### What the task requires
Repeat every line of the listing below exactly, minus the pictures.

### Information supplied

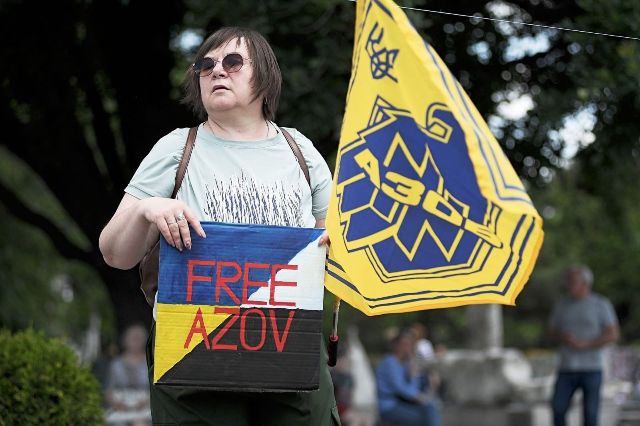 "Жодного азовця": запоріжці продовжують нагадувати про військовополонених
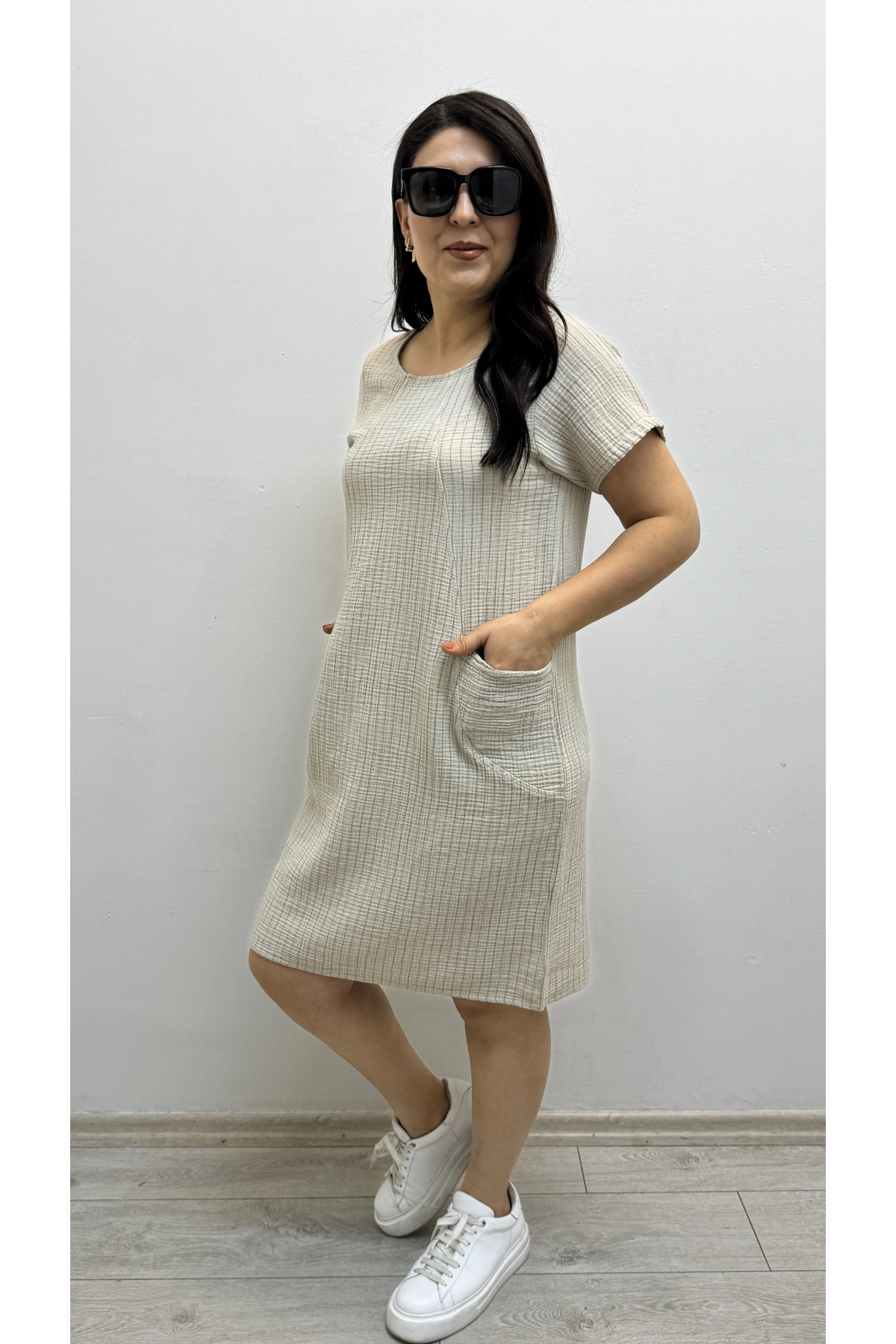 Çizgili İki Yandan Cepli Kısa Kol Bej Rengi Pamuklu Elbise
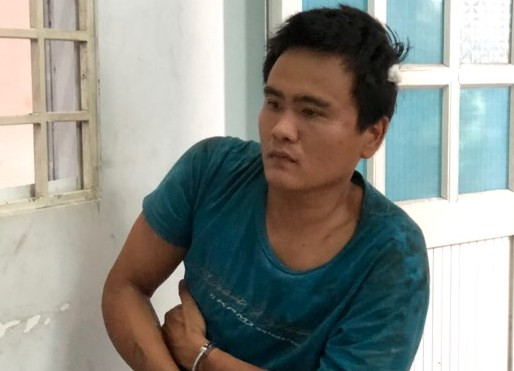 Truy đuổi kẻ trộm gương ô tô, hai người dân bị đâm gục giữa đường ảnh 1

### Response area
 "Жодного азовця": запоріжці продовжують нагадувати про військовополонених
 Çizgili İki Yandan Cepli Kısa Kol Bej Rengi Pamuklu Elbise
 Truy đuổi kẻ trộm gương ô tô, hai người dân bị đâm gục giữa đường ảnh 1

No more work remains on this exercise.